(Task brief)
As an exercise in exact copying, transcribe the lines below from the one holding "LEDKIA LIGHTING Marco" through the last, with both ends included and pictures left out.

Start of Provided entries

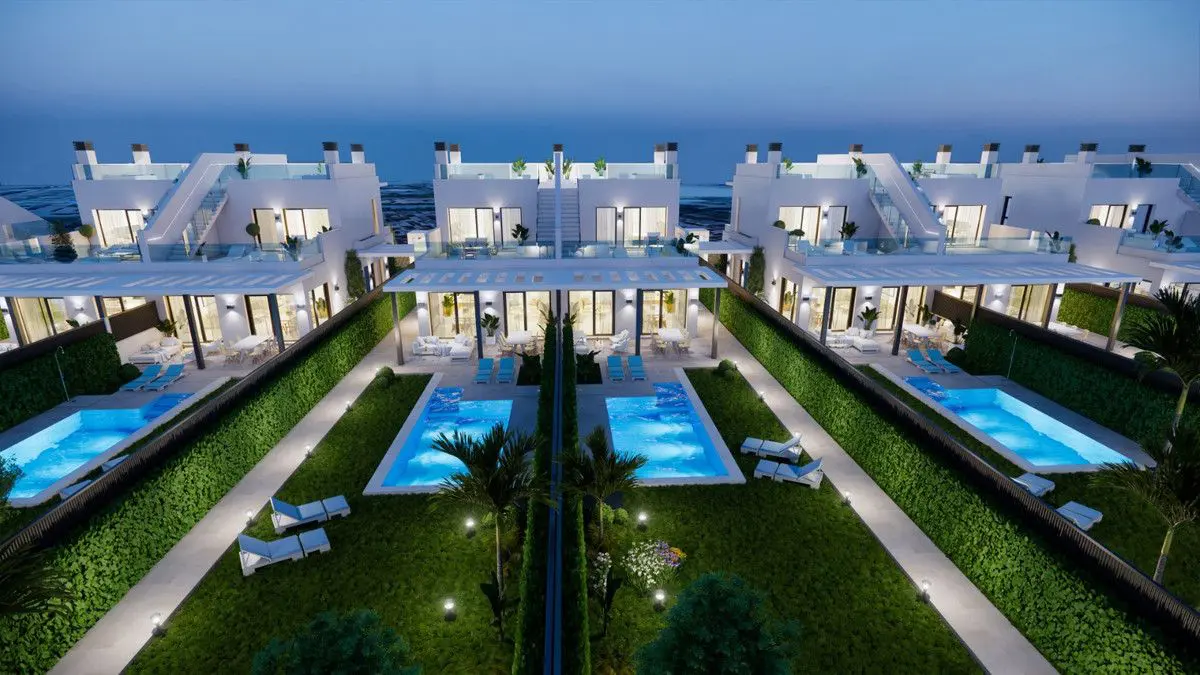 Villa Of 125 M² In Los Alcázares, Spain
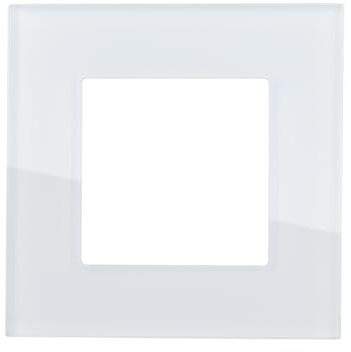 LEDKIA LIGHTING Marco Cristal 1 Módulo Modern Blanco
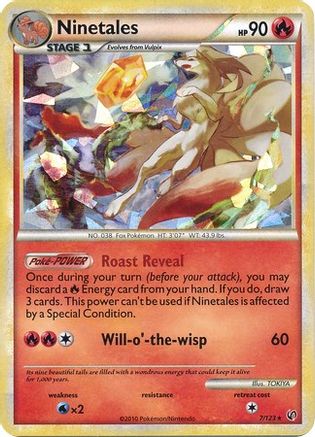 Ninetales 007/123 - Promo - Holofoil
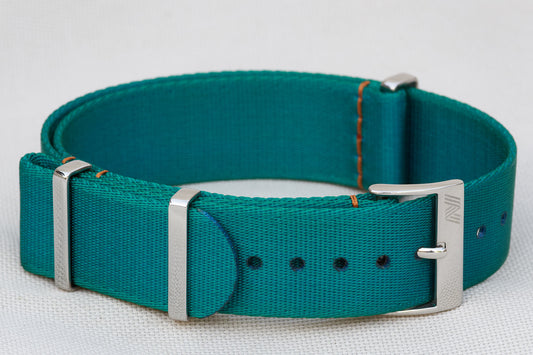 Blue Lagoon Premium Nylon Watch Strap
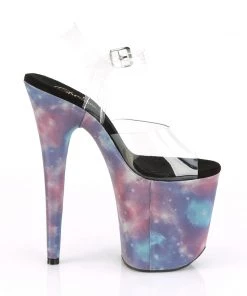 Pleaser Direct Platform Shoes Flamingo 808REFL Galaxy Platforms 9 Pleaser Direct Platform Shoes Flamingo 808REFL Galaxy Platforms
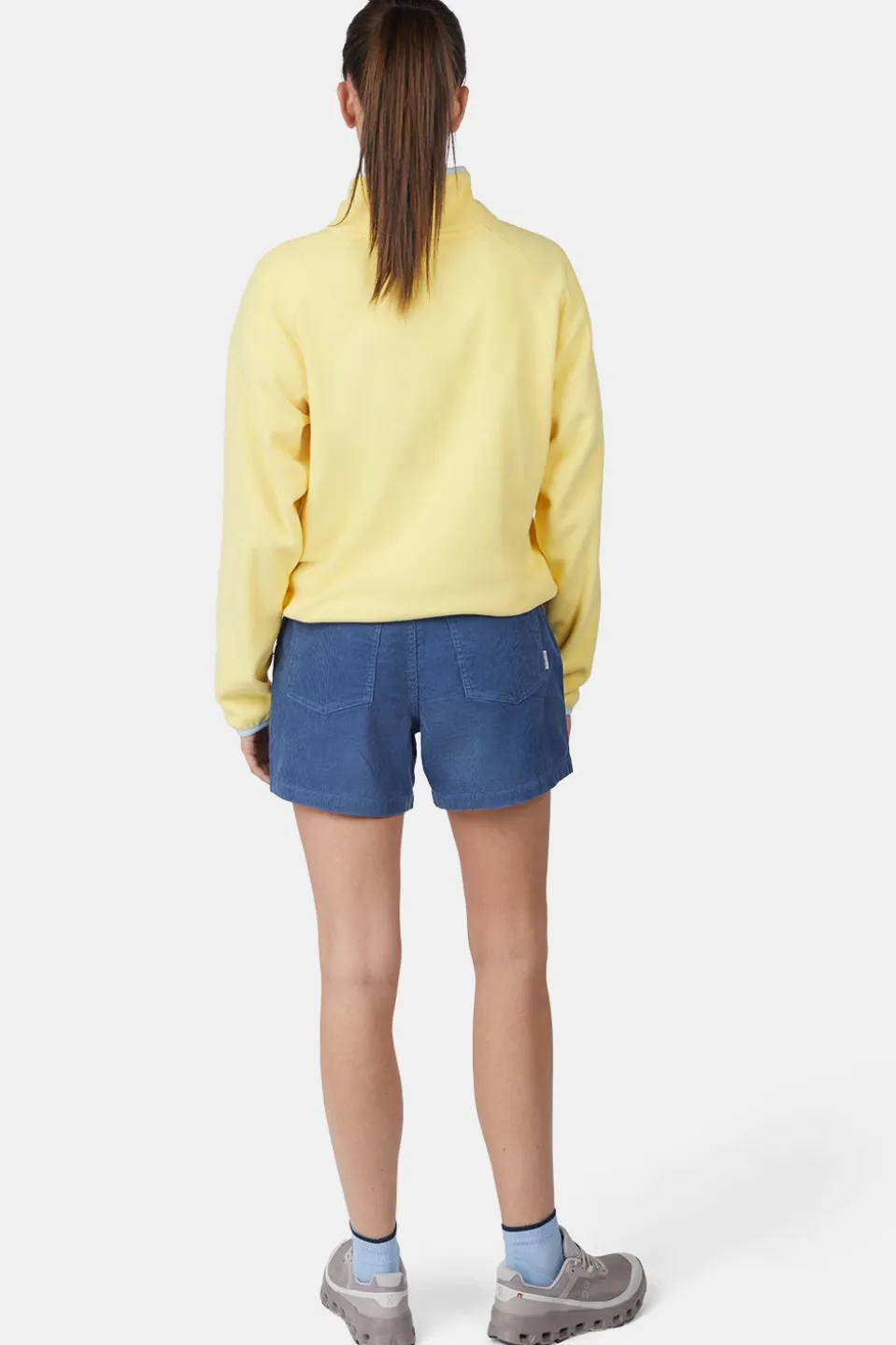 Polaire Venture Snap Pullover W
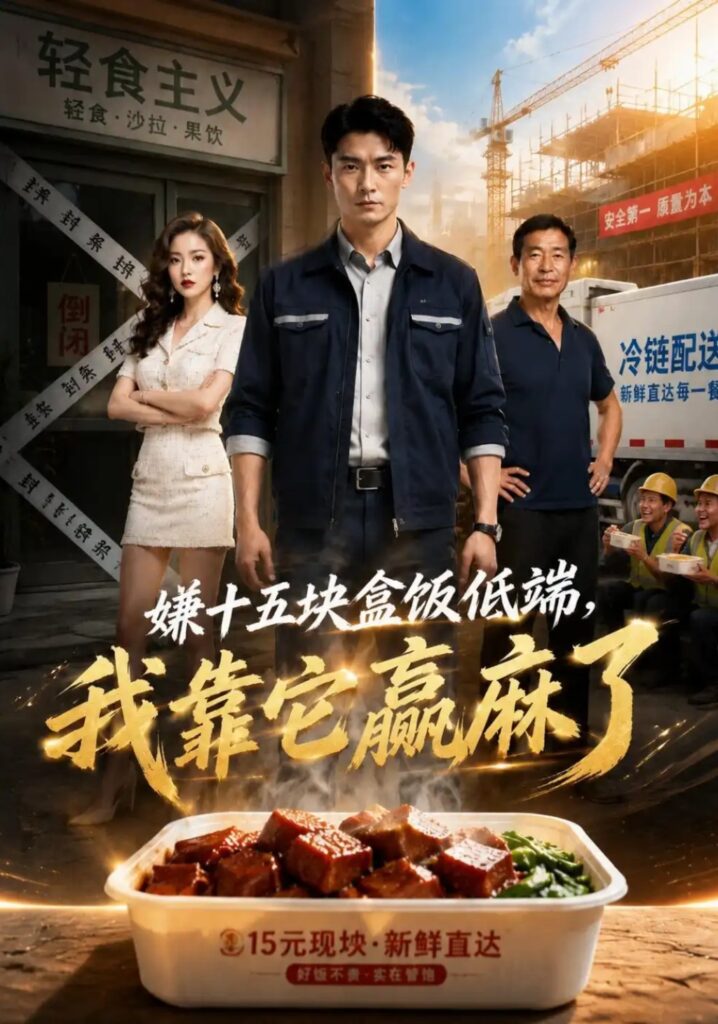 《嫌十五块盒饭低端,我靠它赢麻了》短剧全集完整版免费观看-看电影短剧网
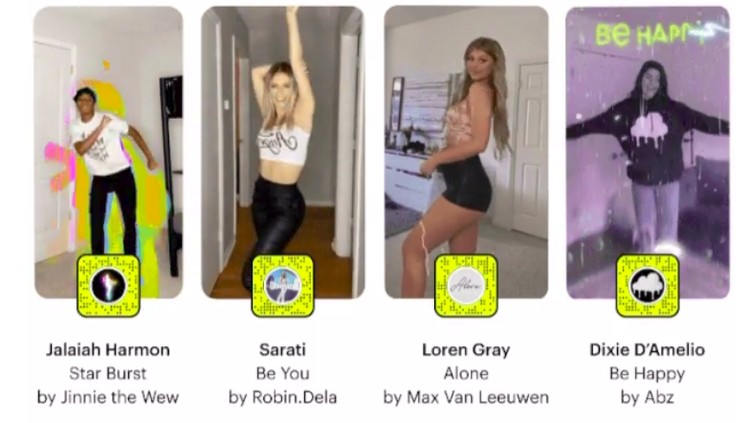 snapchat tiktok snapchat tiktok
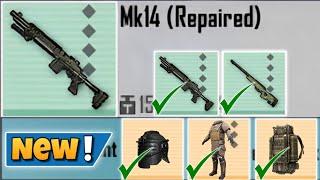 REPAIRED GUNS WITH FABLED LOADOUT  PUBG METRO ROYALE CHAPTER 22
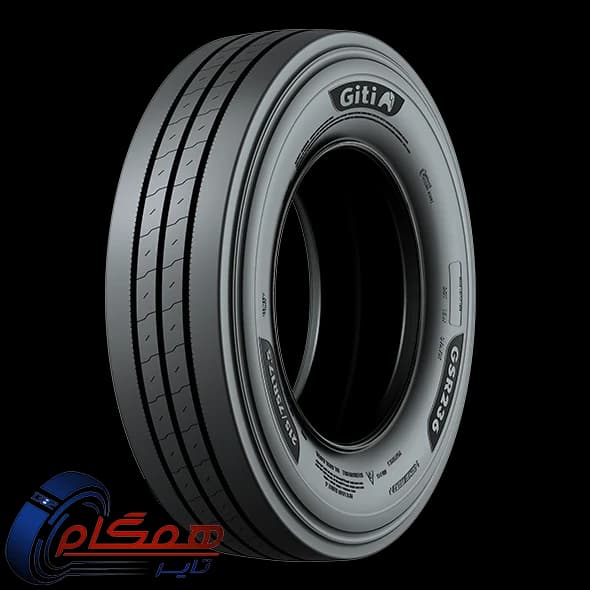 لاستیک جی تی مدل GSR236 سایز 235/75R17.5
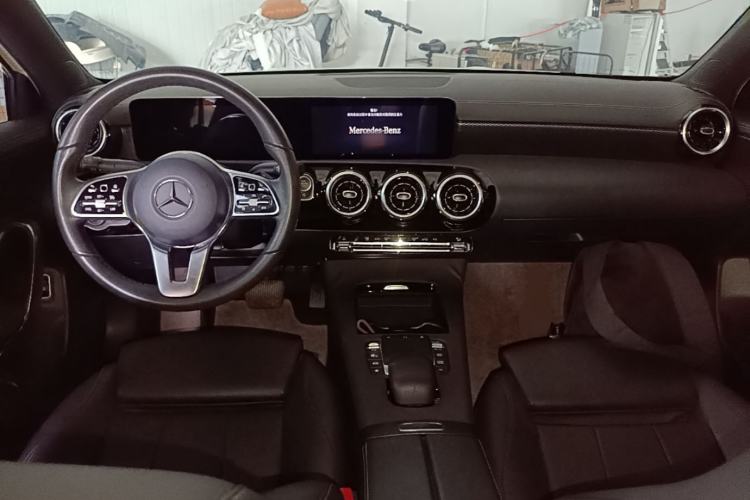 Used Mercedes-Benz A-Class 2021 A 200 L Sport Sedan Dynamic Model Center Console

End of Provided entries

(Answer for the task)
 LEDKIA LIGHTING Marco Cristal 1 Módulo Modern Blanco
 Ninetales 007/123 - Promo - Holofoil
 Blue Lagoon Premium Nylon Watch Strap
 Pleaser Direct Platform Shoes Flamingo 808REFL Galaxy Platforms 9 Pleaser Direct Platform Shoes Flamingo 808REFL Galaxy Platforms
 Polaire Venture Snap Pullover W
 《嫌十五块盒饭低端,我靠它赢麻了》短剧全集完整版免费观看-看电影短剧网
 snapchat tiktok snapchat tiktok
 REPAIRED GUNS WITH FABLED LOADOUT  PUBG METRO ROYALE CHAPTER 22
 لاستیک جی تی مدل GSR236 سایز 235/75R17.5
 Used Mercedes-Benz A-Class 2021 A 200 L Sport Sedan Dynamic Model Center Console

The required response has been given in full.